A Child's Book of Scary Poems

 When I was a small child I was absolutely terrified by an illustration in a story book someone had given me and my brother. I don't have it anymore, but I remember the drawing was of a squat creature with long arms and far too many teeth. It was one of the drawings that accompanied James Whitcomb Riley's 1885 poem Little Orphan Annie. (Not to be confused with the comic strip character. She came later.)
   The poem was apparently written to scare children into behaving. One verse goes:

Onc't they was a little boy wouldn't say his prayers,--
So when he went to bed at night, away up stairs,
His Mammy heerd him holler, an' his Daddy heerd him bawl,
An' when they turn't the kivvers down, he wasn't there at all!
An' they seeked him in the rafter-room, an' cubby-hole, an' press,
An' seeked him up the chimbly-flue, an' ever'wheres, I guess;
But all they ever found was thist his pants an' roundabout--
An' the Gobble-uns'll git you ef you don't watch out!
            
   Now why would you read that to a kid? Yeesh. Anyway, I don't recall being particularly frightened by the poem, but the illustrations sure gave me the creeps. I was talking about it last night at dinner with friends and that put us on to the subject of creepy poems. A couple of favorites of mine are Robert Browning's Childe Roland to the Dark Tower Came, and John Keats La Belle Dame Sans Merci.
   Childe Roland to the Dark Tower Came has become famous as the poem that inspired Stephen King's multi-volume epic The Dark Tower, but long before King made use of it, the poem was creeping people out. It follows a knight on a strange quest into a vast wasteland where he eventually encounters long dead comrades in arms at the titular Dark Tower.

What in the midst lay but the Tower itself?
The round squat turret, blind as the fool's heart,
Built of brown stone, without a counter-part
In the whole world. The tempest's mocking elf
Points to the shipman thus the unseen shelf
He strikes on, only when the timbers start.

I can see why King was so taken with it. Its very structure invites adaptation, and I considered writing a sword and sorcery yarn based on it. Might yet.
   Another unfortunate knight appears in Keats' La Belle Dame Sans Mercy (The beautiful lady without pity.) The narrator finds him lying on a hill side. The knight tells the narrator of a strange fey woman he met in the forest.

I met a lady in the meads,
    Full beautiful - a faery's child,
Her hair was long, her foot was light,
    And her eyes were wild.

   The lady leads the knight to a grotto where he sleeps and dreams horrible things.

I saw pale kings and princes too,
    Pale warriors, death-pale were they all;
They cried - 'La Belle Dame sans Merci
    Hath thee in thrall!'

I saw their starved lips in the gloam,
    With horrid warning gaped wide,
And I awoke and found me here,
    On the cold hill's side.

   This is a haunting and beautiful poem and one of my favorites.

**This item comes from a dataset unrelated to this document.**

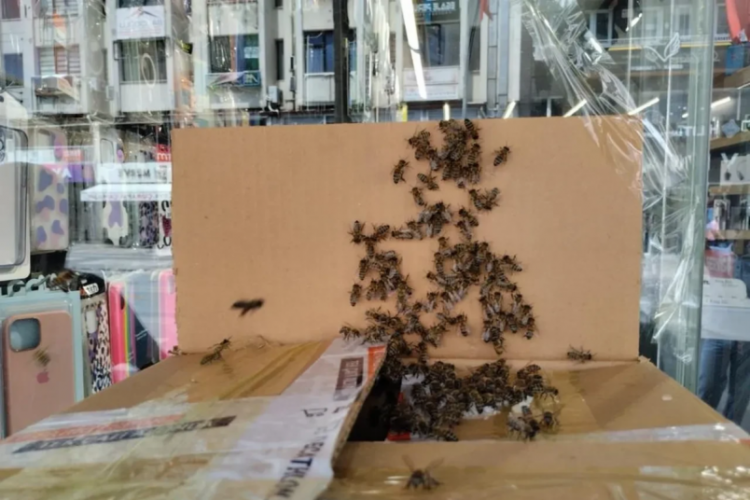 Arılar bir şehri istila etti, esnaf kepenk kapattı!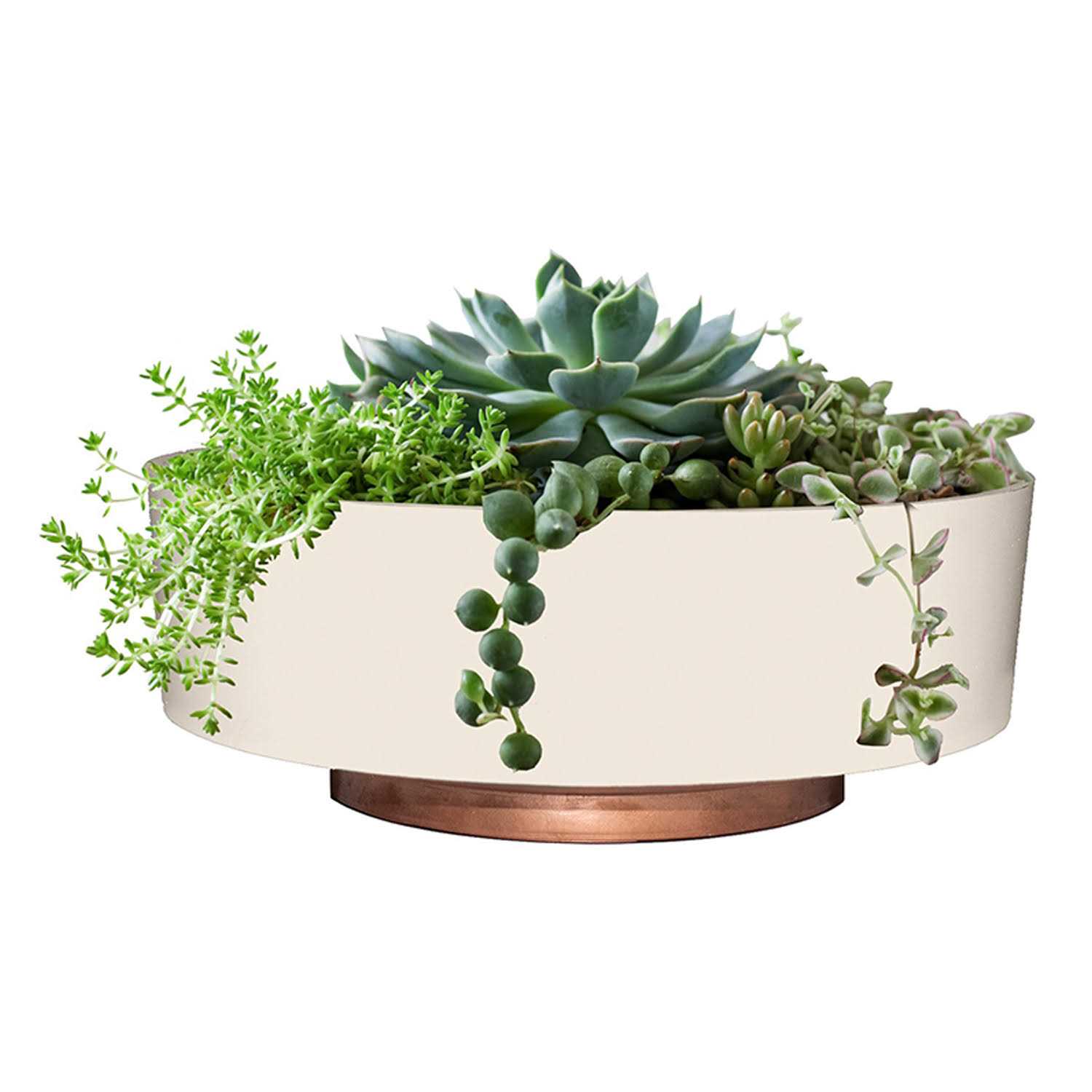 The HC Companies 6 Inch Round Capri Succulent Pot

Definitely a high creep factor though. Anyway, those are some of my favorite scary poems. Something to read on a cold October night when the wind whistles in the eaves and the fire throws strange shadows on the walls.

2 comments:

Paul R. McNamee said...

I am reading horror shorts this month, but now I am inspired to mix in some creepy poetry.

Charles R. Rutledge said...

Excellent, Paul. Let me know if you come across any good ones, please.